→ RECORDS SUPPLIED:
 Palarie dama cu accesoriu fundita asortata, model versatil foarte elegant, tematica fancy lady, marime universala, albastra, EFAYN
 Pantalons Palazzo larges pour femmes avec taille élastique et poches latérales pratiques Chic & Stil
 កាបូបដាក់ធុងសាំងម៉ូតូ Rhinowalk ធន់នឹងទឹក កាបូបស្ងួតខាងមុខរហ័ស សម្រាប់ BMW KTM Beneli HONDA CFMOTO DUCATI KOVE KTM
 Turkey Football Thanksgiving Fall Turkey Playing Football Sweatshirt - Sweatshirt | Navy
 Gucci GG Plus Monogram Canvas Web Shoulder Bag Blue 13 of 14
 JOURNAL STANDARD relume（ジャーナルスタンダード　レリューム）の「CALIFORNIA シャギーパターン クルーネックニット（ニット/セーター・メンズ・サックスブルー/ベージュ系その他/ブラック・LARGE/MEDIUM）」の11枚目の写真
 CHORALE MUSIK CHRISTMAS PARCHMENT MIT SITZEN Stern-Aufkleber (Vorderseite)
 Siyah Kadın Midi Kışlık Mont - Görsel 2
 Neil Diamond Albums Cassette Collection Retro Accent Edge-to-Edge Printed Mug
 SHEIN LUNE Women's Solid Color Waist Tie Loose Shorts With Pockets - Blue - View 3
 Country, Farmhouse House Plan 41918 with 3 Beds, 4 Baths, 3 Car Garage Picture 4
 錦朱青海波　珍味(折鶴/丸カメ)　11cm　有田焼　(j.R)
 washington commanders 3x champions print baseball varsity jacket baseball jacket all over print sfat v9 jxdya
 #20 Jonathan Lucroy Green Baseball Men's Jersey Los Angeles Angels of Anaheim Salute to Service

→ TASK GOAL: Reproduce exactly, with nothing added, the lines from the one that contains "CHORALE MUSIK CHRISTMAS" to the end of the data.

→ FINISHED TASK:
 CHORALE MUSIK CHRISTMAS PARCHMENT MIT SITZEN Stern-Aufkleber (Vorderseite)
 Siyah Kadın Midi Kışlık Mont - Görsel 2
 Neil Diamond Albums Cassette Collection Retro Accent Edge-to-Edge Printed Mug
 SHEIN LUNE Women's Solid Color Waist Tie Loose Shorts With Pockets - Blue - View 3
 Country, Farmhouse House Plan 41918 with 3 Beds, 4 Baths, 3 Car Garage Picture 4
 錦朱青海波　珍味(折鶴/丸カメ)　11cm　有田焼　(j.R)
 washington commanders 3x champions print baseball varsity jacket baseball jacket all over print sfat v9 jxdya
 #20 Jonathan Lucroy Green Baseball Men's Jersey Los Angeles Angels of Anaheim Salute to Service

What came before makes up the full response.